<1321> 続々我が家の雨蛙
犬に猫 雀に蝶に雨蛙 庭を共有 してゐる眼
我が家の二階ベランダ下の雨樋の上に置物然として居続けていた雨蛙がいなくなって久しかったが、昨日朝また姿を見せ、やはり同じようにじっと座っているのが見られた。昨日は天気がよく、久しぶりに晴れた。雨蛙にはどうも晴天の日が苦手なようで、日がよく照る日に日陰になるこの場所に来るみたいである。今日は午前六時ごろまでいて、それから姿を消した。三度目のことである。天気予報では夕方より雨になるというので、姿を消すだろうと思っていたら、午前中に姿を消した。雨蛙は、その名の通り、雨が好きなのだろう。

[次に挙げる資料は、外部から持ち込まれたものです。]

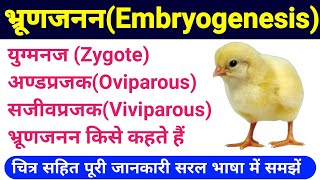 oviparous and viviparous in hindi  embryogenesis class 12  अण्डप्रजक और सजीवप्रजक जंतु  Biology [upl. by Chucho]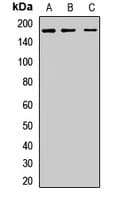 CLU1 / KIAA0664 Antibody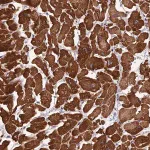 Merck Anti-ANAPC10 antibody produced in rabbit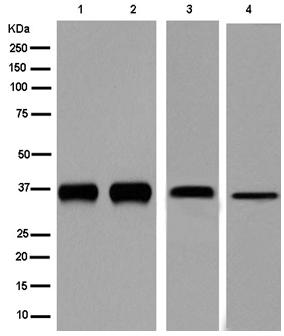 Western blot - Anti-DDAH1 antibody [EPR13922] (AB180599), expandable thumbnail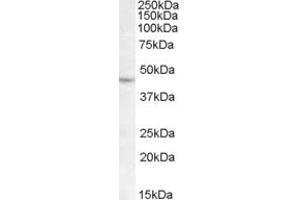 Western Blotting (WB) image for anti-LIM Homeobox 2 (LHX2) (C-Term) antibody (ABIN2465896) (LHX2 anticorps  (C-Term))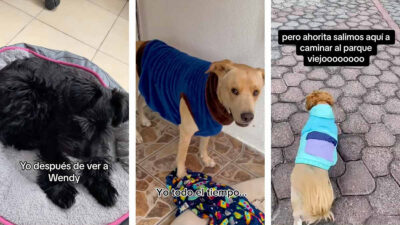Perros viralizan frase de Wendy Guevara en la Casa de los Famosos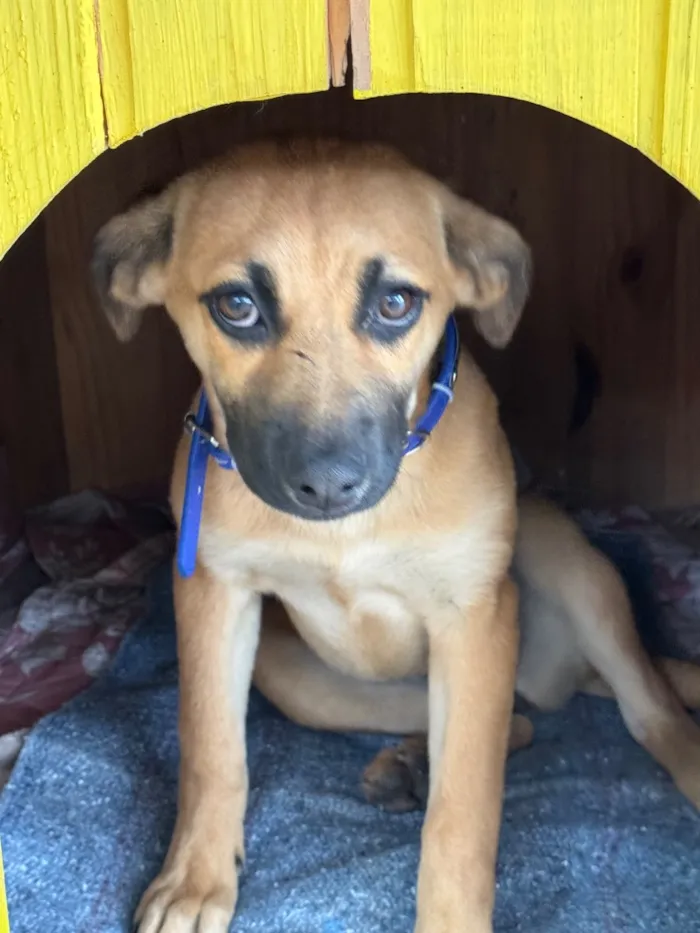 Cachorro raça SRD-ViraLata idade 2 a 6 meses nome Carmela
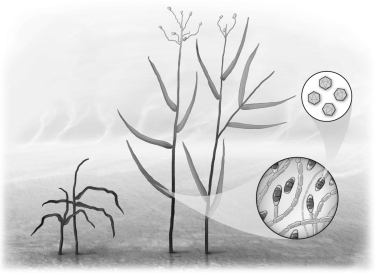 <strong>In order to survive in the geothermally heated soils of Yellowstone National Park, Dichanthelium lanuginosum requires what mutualism(s)? </strong> A) The virus CThTV (Curvularia thermal tolerance virus) must be present in the soil, allowing the fungus Curvularia protuberata to live in the soil. Dichanthelium requires this fungus to live in the thermally heated soil. B) The virus CThTV must be present in the soil, which allows Dicanthelium to live in thermally heated soil. Once established, Dicanthelium needs Curvularia to fix nitrogen for growth. C) The fungus Curvularia must be present in the soil in order for it to inoculate Dicanthelium with CThTV. D) CThTV must be present in the soil for both Dicanthelium and Curvularia protuberata to live; Curvularia provides nitrogen for Dicanthelium.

この間見たとき、体つきがぷくぷくしているので、妻が「ぷくぷく」というニックネームをつけた。私が、「男か女か、お兄さんかお姉さんか、お父さんかお母さんか」と訊ねたら、お父さんだと言うので、雨蛙は「ぷくぷくのお父さん」ということになって、今ではそのように呼んでいる。昨日は昼間出かけた関係で、夕方に写真を撮ったので拙い写真になって、今日撮り直すつもりにしていたが、姿が見えなかった。また、帰って来るだろうか。天気がよくなると帰って来るはずである。
それにしても、ぷくぷくのお父さんはどうなのだろう。伴侶はいるのだろうか。最近、人間の世界もぎくしゃくとして心安らかにいられない様相がうかがい知れる。生きる難題はすべての生きものの上に必然のごとくある。孤高の身とも映るぷくぷくのお父さんの姿は等しく私たちに考えさせる。庭には揚羽が来て花から花へ渡っている。猫が徐に通り行く。犬を連れた御仁が外面を過る。ときおり雀が庭に下り来たって探し物をしている。みなそれぞれに生を営んでいる風景だ。曇天はこの時期を諾うように空を覆っている。「汝らやさしさに向かうべく励むべし」と声なき声。天に従っているぷくぷくのお父さんは何処か、どうか御無事で。明日は雨になるという。